== The input ==

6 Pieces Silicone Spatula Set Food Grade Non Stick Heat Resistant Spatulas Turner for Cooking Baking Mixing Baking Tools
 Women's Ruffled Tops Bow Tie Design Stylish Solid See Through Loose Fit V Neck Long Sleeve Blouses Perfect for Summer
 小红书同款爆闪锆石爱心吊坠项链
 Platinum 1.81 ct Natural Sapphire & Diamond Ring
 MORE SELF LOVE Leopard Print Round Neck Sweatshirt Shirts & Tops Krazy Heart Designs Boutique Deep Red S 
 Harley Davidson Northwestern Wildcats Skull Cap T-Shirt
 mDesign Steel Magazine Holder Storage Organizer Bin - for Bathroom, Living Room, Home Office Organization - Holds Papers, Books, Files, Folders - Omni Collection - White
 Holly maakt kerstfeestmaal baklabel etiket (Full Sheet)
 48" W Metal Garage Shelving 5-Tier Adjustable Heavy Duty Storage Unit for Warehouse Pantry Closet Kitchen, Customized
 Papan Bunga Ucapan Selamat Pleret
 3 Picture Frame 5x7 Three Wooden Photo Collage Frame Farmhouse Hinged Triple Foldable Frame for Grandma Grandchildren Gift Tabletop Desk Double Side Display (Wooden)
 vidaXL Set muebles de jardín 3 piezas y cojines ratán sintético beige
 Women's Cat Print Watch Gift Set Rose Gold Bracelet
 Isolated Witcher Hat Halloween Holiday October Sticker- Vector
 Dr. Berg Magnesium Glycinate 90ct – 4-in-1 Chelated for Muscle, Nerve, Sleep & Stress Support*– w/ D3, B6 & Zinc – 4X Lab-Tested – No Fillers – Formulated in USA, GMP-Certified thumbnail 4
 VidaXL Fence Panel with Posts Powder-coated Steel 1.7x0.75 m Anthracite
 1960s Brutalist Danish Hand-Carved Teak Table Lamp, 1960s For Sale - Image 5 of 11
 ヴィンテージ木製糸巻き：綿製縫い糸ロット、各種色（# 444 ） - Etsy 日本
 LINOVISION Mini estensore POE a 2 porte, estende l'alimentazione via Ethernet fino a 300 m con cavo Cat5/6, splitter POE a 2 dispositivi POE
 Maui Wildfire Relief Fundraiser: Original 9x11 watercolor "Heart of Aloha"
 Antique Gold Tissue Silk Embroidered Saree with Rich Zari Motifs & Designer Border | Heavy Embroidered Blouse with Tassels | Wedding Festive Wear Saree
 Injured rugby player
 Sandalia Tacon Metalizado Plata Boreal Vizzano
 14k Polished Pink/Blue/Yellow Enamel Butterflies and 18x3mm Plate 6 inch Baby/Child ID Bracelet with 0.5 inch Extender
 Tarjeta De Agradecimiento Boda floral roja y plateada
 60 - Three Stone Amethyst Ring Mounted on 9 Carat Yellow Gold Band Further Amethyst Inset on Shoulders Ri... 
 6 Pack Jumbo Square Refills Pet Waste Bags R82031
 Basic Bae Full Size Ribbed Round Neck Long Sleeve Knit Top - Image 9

===

» **What you have to do**: There is a line with "ヴィンテージ木製糸巻き：綿製縫い糸ロット、各種色（# 444 ） - Etsy 日本" and a line with "Maui Wildfire Relief" above. Copy exactly those two lines and all lines between them, with nothing else.

» **Exercise result**:
 ヴィンテージ木製糸巻き：綿製縫い糸ロット、各種色（# 444 ） - Etsy 日本
 LINOVISION Mini estensore POE a 2 porte, estende l'alimentazione via Ethernet fino a 300 m con cavo Cat5/6, splitter POE a 2 dispositivi POE
 Maui Wildfire Relief Fundraiser: Original 9x11 watercolor "Heart of Aloha"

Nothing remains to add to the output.